Existem dois caminhos possíveis para fortalecer os partidos políticos, que precisam ser desenvolvidos de forma paralela. O primeiro é um caminho interno de cada partido, que precisa fazer escolhas recorrentes que o afirmem enquanto instituição partidária fundada no programa e nos estatutos. Ou seja, os coletivos partidários precisam consolidar uma cultura de partido que deve se expressar em regras e normas estatutárias e no programa partidário.

O outro caminho passa pelo aperfeiçoamento da legislação eleitoral e partidária. Os partidos políticos se situam numa espécie de confluência entre o direito privado e o direito público.
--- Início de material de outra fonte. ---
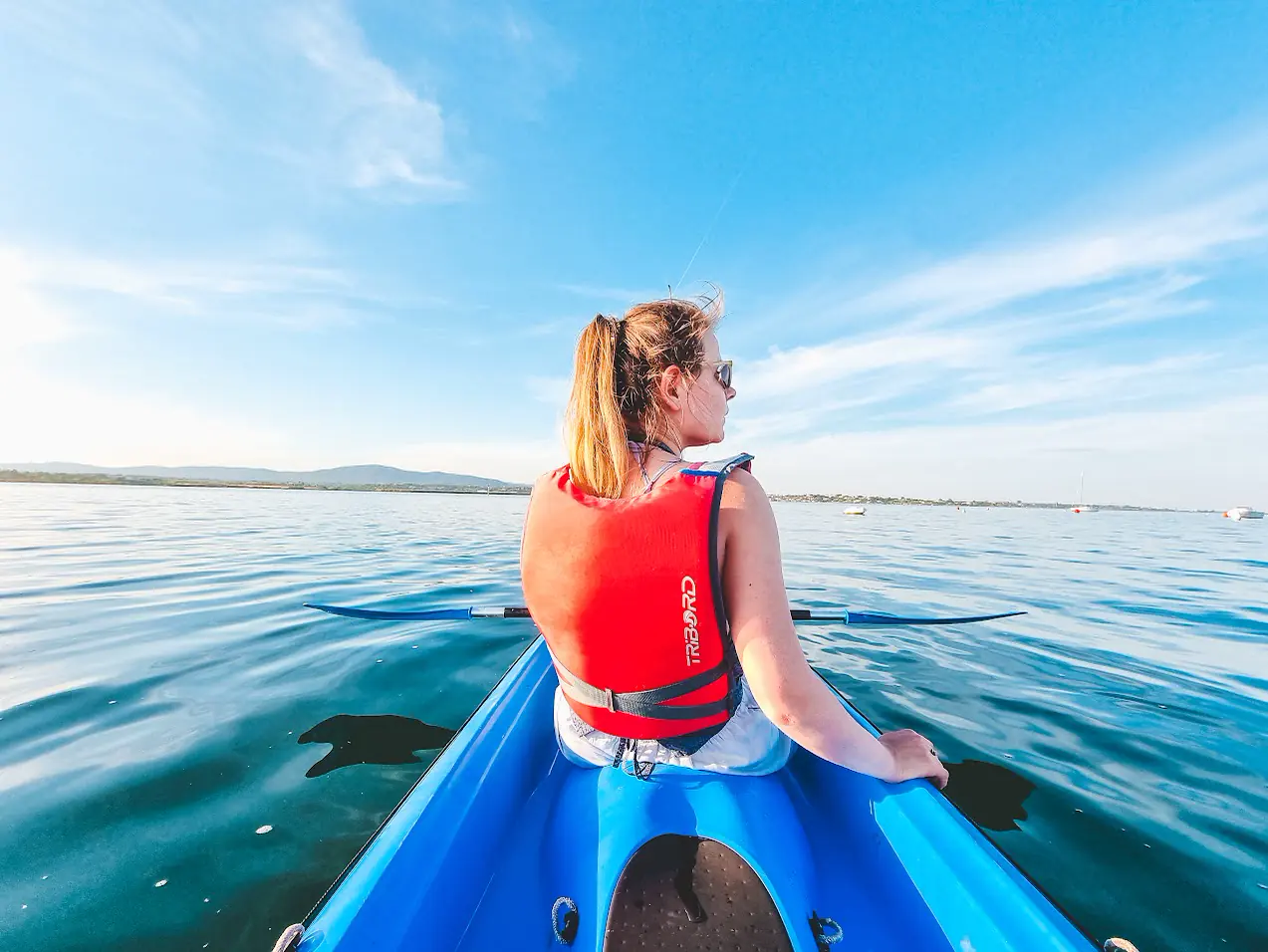 A paddler in a red life jacket sits in a blue kayak, looking across the still lagoon towards the hills.
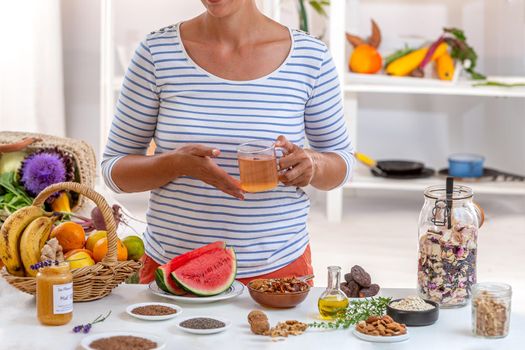 Woman, face cut a cup of tea in hand, surrounded by cereals, fresh fruit and dried fruit, honey,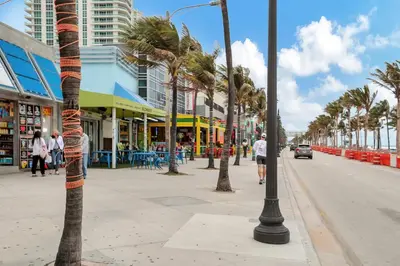 a street with palm trees on a city street at 2 Condo Combo - Walk to Beach Off Las Olas 1AB in Fort Lauderdale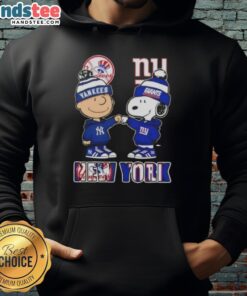 Alt Text: Official Charlie Brown fist bump with Snoopy in New York City sports hoodie featuring Yankees and Giants skyline.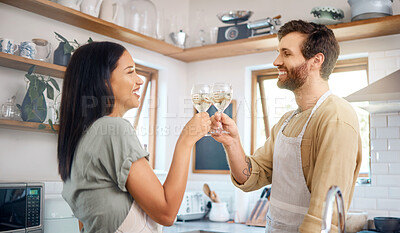 Buy stock photo Young interracial couple sharing toast with wine glasses while wearing aprons and cooking together in kitchen at home. Young couple enjoying romantic homemade dinner for date night at home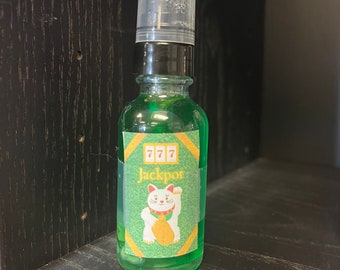 May include: A green glass bottle with a clear plastic cap. The label features the word "Jackpot" and a lucky cat illustration. The bottle is filled with a green liquid.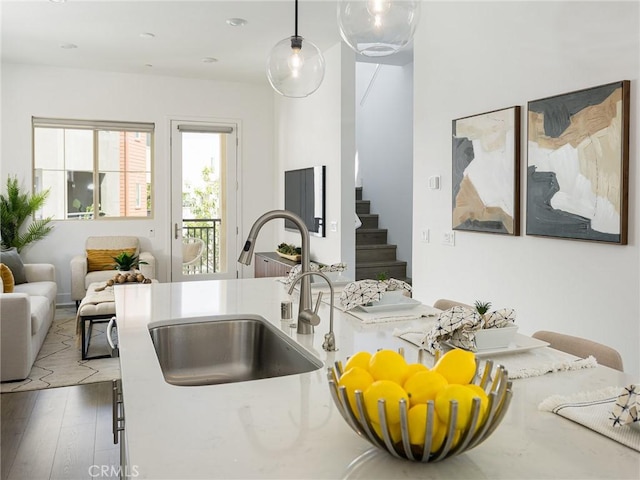 1673 Lexington Ln, San Pedro, CA 90732 - kitchen with open floor plan, light countertops, hanging light fixtures, and wood finished floors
Se as democracias modernas se sustentam sobre uma estrutura de partidos, que fazem a mediação entre os representados e os representantes, deve ser do interesse dos sistemas democráticos o fortalecimento dos partidos.

Hoje, por exemplo, o financiamento privado das campanhas, além de incubar a corrupção, favorece que se formem em torno dos candidatos esquemas particulares de interesses que, depois das eleições, podem se projetar para o interior das instituições públicas, seja para privatizar mandados, seja para favorecer interesses de empresas, grupos etc. As direções partidárias perdem o controle sobre esses esquemas de interesses. Por isto, a instituição do financiamento público das campanhas por um lado, ataca o já alto custo das campanhas, e por outro, fortalece os partidos.
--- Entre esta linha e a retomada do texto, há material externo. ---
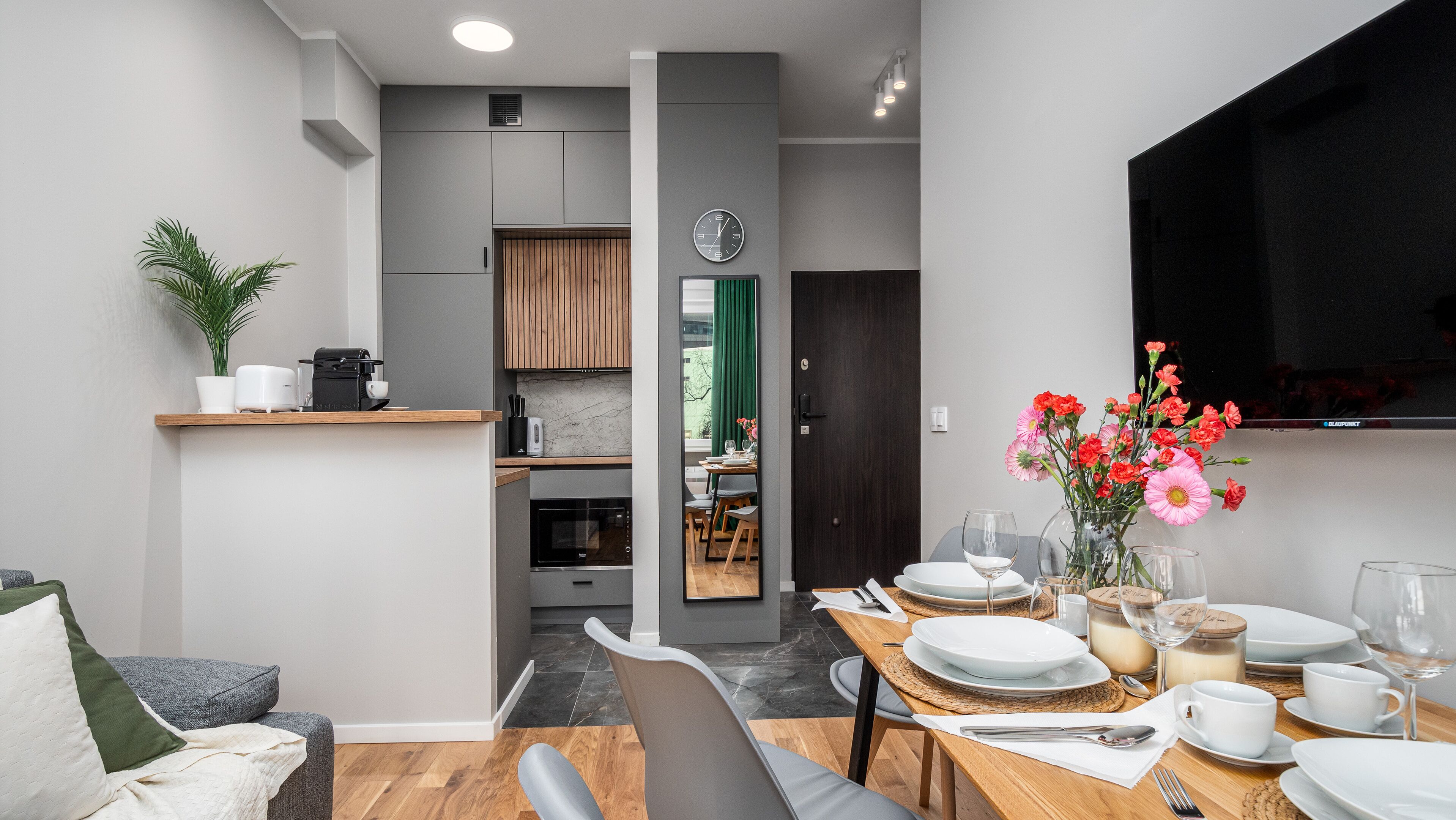 A modern kitchen with a built-in microwave, a coffee machine, and a dining area with a table set for two.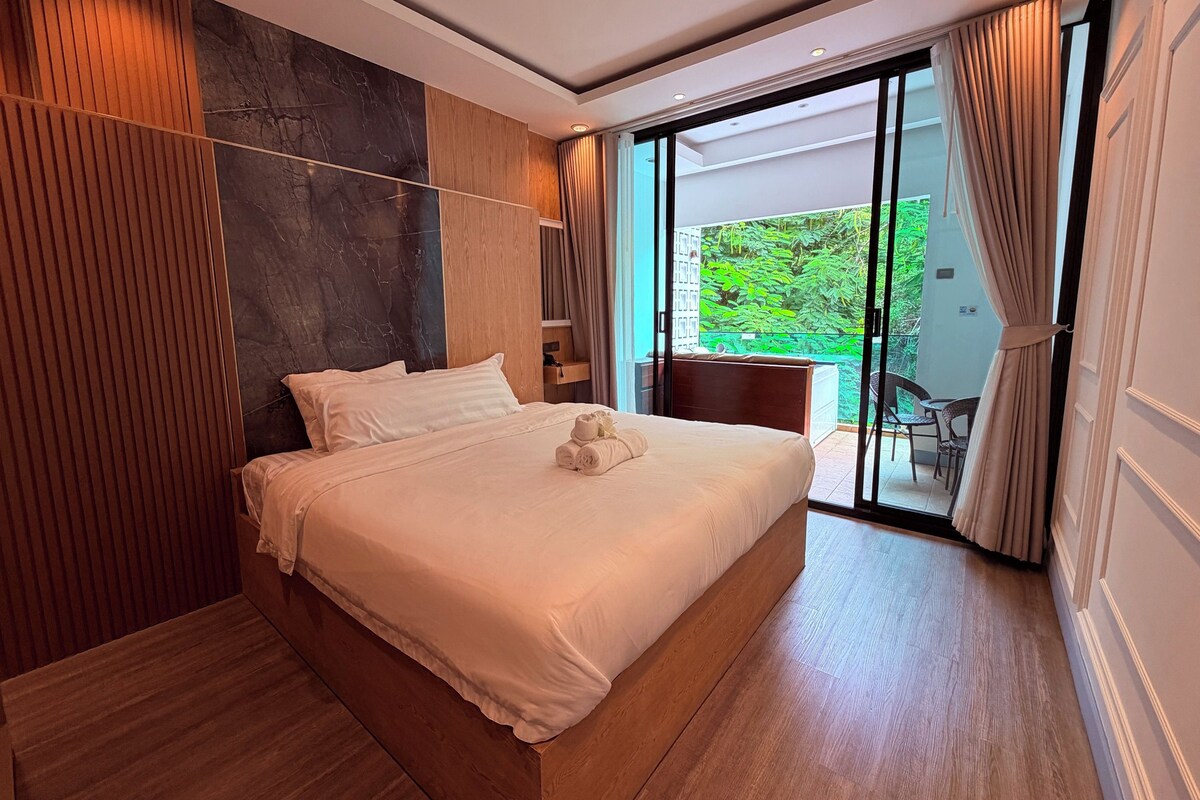 A modern bedroom with a large bed, wooden paneling, and a sliding glass door leading to a balcony.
Outro mecanismo que pode fortalecer os partidos políticos consiste na adoção das listas partidárias preordenadas para as eleições legislativas, com a definição de que se um parlamentar trocar de partido perderá o mandato. Com as listas preordenadas, as campanhas eleitorais passarão da ênfase dada aos indivíduos candidatos para a ênfase centrada no partido político. Assim, os parlamentares, os representantes eleitos, terão que ser mais fiéis às propostas defendidas durante a campanha. Terão que ser mais fiéis aos programas de seus partidos. Com o estabelecimento da fidelidade partidária, o mandato será juridicamente do partido. A sociedade deixará de assistir o degradante espetáculo do troca-troca e a vontade soberana do eleitor deixará de ser fraudada.